Favorable prices will ensure more Chinese customers despite the import duties. It will also attract middle income earners who want to venture into luxury goods. The prices will also assist in controlling market prices and competition from Chinese firms that have invested in making fakes. Finally, the luxury makers should also invest in strategic Chinese markets where most consumers are located. The places include posh areas and major cities where consumers can easily access the goods. The makers should also analyze markets to have knowledge on the consumer trends.
The consumer styles will be used to highlight potential areas where the luxury makers make market entries. The Chinese market was not affected much by the recession; hence leading to an increased economic growth of up to 30% per annum. The increased growth led to an influx of rich Chinese individuals that were the main targets for the luxury items. Additionally, the country also had increased industrial growth causing employment to most Chinese. Most workers invested in fancy items due to influence from other rich societies.
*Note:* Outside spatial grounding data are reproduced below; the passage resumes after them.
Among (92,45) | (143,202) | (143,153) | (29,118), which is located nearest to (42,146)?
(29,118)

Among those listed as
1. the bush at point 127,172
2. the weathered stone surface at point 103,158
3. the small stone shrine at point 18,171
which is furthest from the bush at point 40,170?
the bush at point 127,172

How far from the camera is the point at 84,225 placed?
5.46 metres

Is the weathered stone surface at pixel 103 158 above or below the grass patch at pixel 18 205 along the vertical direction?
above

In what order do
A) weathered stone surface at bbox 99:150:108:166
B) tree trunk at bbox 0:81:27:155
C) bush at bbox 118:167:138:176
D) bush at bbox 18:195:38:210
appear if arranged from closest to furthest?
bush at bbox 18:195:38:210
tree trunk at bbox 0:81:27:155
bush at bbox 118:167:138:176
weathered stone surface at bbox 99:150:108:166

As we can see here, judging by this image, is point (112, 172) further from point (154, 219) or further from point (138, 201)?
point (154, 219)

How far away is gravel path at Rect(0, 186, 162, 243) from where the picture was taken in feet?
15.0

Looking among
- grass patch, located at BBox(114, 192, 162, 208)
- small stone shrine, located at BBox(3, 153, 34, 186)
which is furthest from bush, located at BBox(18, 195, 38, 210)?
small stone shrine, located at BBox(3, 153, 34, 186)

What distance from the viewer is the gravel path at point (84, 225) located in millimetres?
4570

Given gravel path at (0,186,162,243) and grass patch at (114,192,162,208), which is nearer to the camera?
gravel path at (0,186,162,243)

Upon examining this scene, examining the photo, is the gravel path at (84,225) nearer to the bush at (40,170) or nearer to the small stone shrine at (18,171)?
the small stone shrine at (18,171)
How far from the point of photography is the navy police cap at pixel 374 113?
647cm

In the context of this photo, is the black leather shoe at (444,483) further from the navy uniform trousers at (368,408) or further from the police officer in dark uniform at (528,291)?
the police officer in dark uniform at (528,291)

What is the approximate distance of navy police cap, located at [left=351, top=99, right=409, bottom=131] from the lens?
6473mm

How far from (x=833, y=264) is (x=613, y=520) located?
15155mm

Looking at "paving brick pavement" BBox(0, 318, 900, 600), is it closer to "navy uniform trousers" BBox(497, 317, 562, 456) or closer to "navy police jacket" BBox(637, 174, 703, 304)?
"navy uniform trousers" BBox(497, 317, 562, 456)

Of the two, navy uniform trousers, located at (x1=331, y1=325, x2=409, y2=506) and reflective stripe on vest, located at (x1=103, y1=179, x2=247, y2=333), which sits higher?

The consumers also preferred purchasing goods from outside China because they believed that the products were of high quality (The Economist, 2014). China’s efforts to surpass Japan and the U.S in consumer ratings also contributed to the taste and preference of luxury goods. The Chinese rich class was also not affected much by the recession; hence providing market for the luxury goods unlike in other hit countries such as the U.S.The luxury makers took advantage of the increased economic growth that meant most Chinese could save and purchase luxury goods.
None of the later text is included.